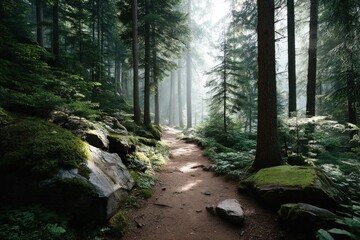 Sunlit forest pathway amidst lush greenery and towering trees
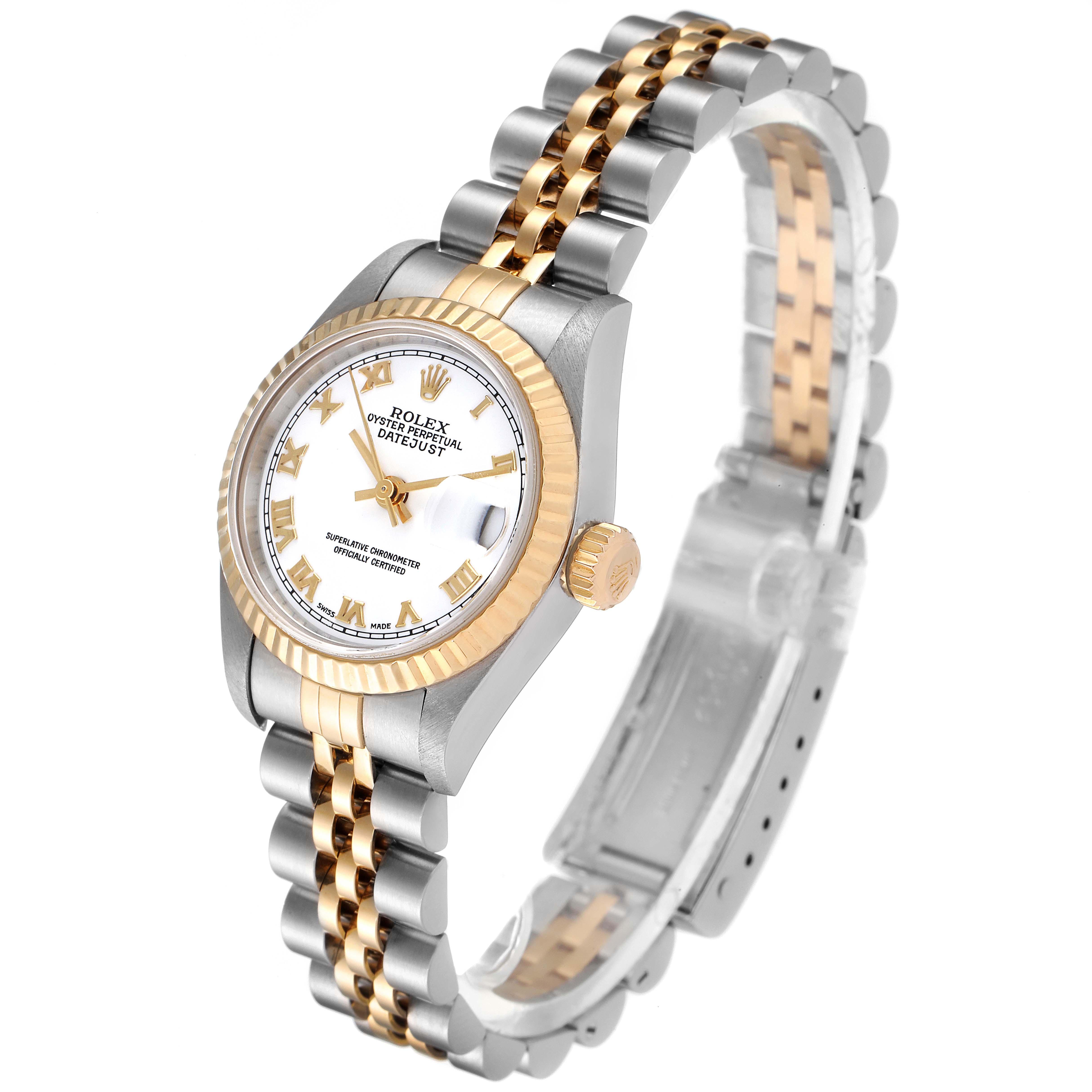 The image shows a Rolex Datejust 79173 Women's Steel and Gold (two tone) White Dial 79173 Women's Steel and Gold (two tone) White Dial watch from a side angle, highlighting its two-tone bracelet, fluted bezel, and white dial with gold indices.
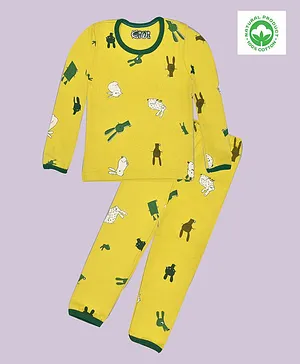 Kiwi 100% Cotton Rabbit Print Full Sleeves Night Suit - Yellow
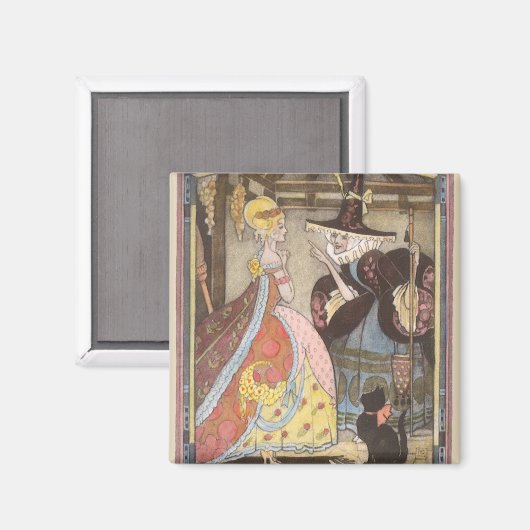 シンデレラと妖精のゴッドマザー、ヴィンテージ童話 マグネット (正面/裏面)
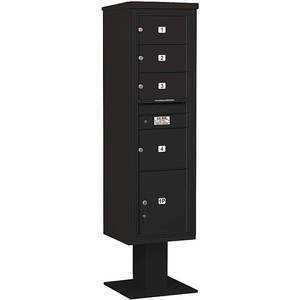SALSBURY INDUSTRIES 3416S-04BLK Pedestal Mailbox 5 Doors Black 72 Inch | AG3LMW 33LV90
———
Work request -> Each record above is to be copied exactly. Drop the pictures.

Exercise response ->
 Sunlit forest pathway amidst lush greenery and towering trees
 The image shows a Rolex Datejust 79173 Women's Steel and Gold (two tone) White Dial 79173 Women's Steel and Gold (two tone) White Dial watch from a side angle, highlighting its two-tone bracelet, fluted bezel, and white dial with gold indices.
 Kiwi 100% Cotton Rabbit Print Full Sleeves Night Suit - Yellow
 シンデレラと妖精のゴッドマザー、ヴィンテージ童話 マグネット (正面/裏面)
SALSBURY INDUSTRIES 3416S-04BLK Pedestal Mailbox 5 Doors Black 72 Inch | AG3LMW 33LV90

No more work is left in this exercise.